Para a América Latina, o que um eventual governo de centro-esquerda na Argentina, com Alberto Fernández, representa?
Fernández tentará alinhar-se provavelmente com o México e algum outro governo de centro-esquerda para constituir uma versão progressista que não seja ligada ao PT, ao (presidente da Venezuela, Nicolás) Maduro. Ele vai explorar esse caminho à medida que suas necessidades de financiamento permitam. Na Espanha, ele é (Pedro) Sánchez (primeiro-ministro espanhol, socialista) e não Podemos. E na América Latina não é bolivariano. Se aproxima de López Obrador e de outros partidos progressistas, como (o de Tabaré Vazquez, presidente do) Uruguai. Ele já disse isso.
Qual é o principal problema econômico da Argentina?

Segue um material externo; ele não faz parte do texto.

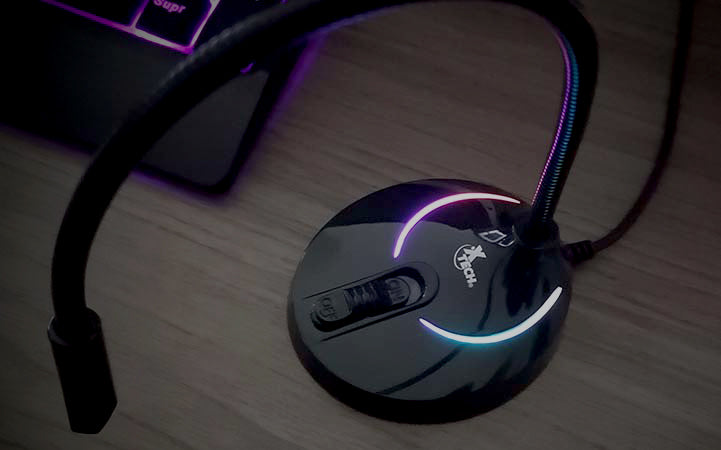 Micrófono Gamer Xtech XTS-680 Usb Led Negro – imagen 2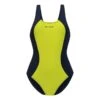 Orca RS1 One Piece Damen Badeanzug Gelb/schwarz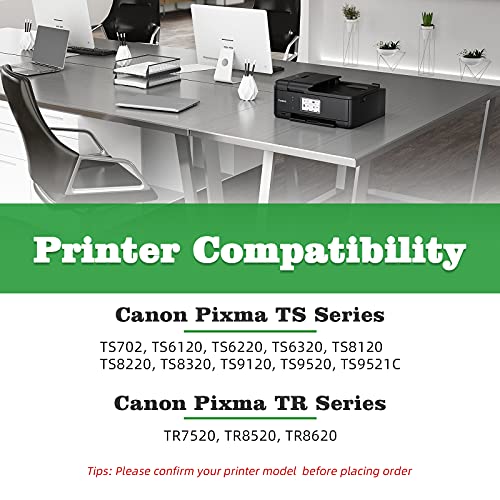 GREENARK Compatible Ink Cartridges Replacement for Canon c280xxl pg280 bk PGI-280 PGI-280XXL BK Black Ink Tank （2 Pack） Works for PIXMA TR7520 TR8520 TR8620 TS6120 TS6320 TS8220 TR8622 TS9120 Printers - Image 2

Quando Fernández diz "vamos impulsionar o crescimento pela via consumo", sendo que 90% das coisas que se consomem na Argentina são compradas em dólares, não sei de onde ele vai tirar (mais) dólares. Este é o problema central para a economia argentina: seu problema de balança comercial e, no fundo, a deficiência da conta corrente. Macri nunca entendeu isso, e não sei se Fernández entendeu. Os diagnósticos de Macri e de Fernández são muito parecidos.
O que os diferencia?
Macri acredita que os países melhoram quando há comércio internacional e, na abertura comercial, qualquer custo é pouco para o benefício que traz. Fernández, a cada vez que fala de integração comercial, integração com a Europa e abertura comercial nas relações com o Brasil, é sempre de uma perspectiva muito preventiva. Fernández está ligado a setores protecionistas.
As declarações do presidente Jair Bolsonaro tiveram influência no clima político na Argentina?

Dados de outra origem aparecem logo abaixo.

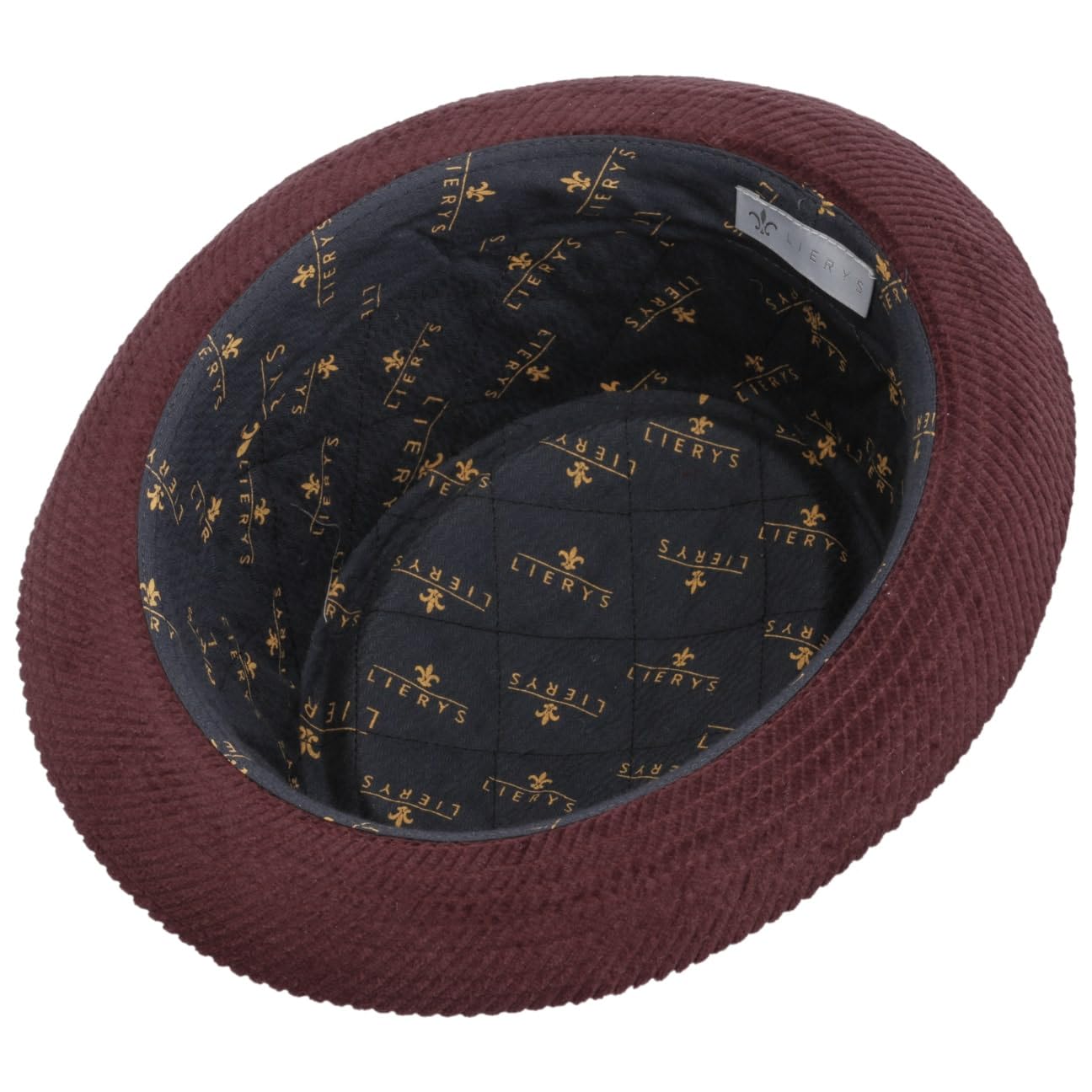 Lierys Classic Pork Pie Sombrero de Pana Hombre Otono Invierno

Bolsonaro - em um momento em que Macri, por razões econômicas, não podia dizer "Fernández é Venezuela" - achou que dizer isso, ele mesmo, ajudava. É como se o papel de fazer a caracterização hiper negativa da chapa Fernández-Cristina fosse terceirizado para Bolsonaro e a outros dirigentes internacionais.
Como uma eleição de Fernández se refletiria no acordo entre Mercosul e União Europeia?
Precisamos ver o que se passa na Europa em relação ao acordo Mercosul-UE. Já temos problemas na Áustria, na França, na Irlanda. Mas suponhamos que os europeus aprovem o acordo com o Mercosul.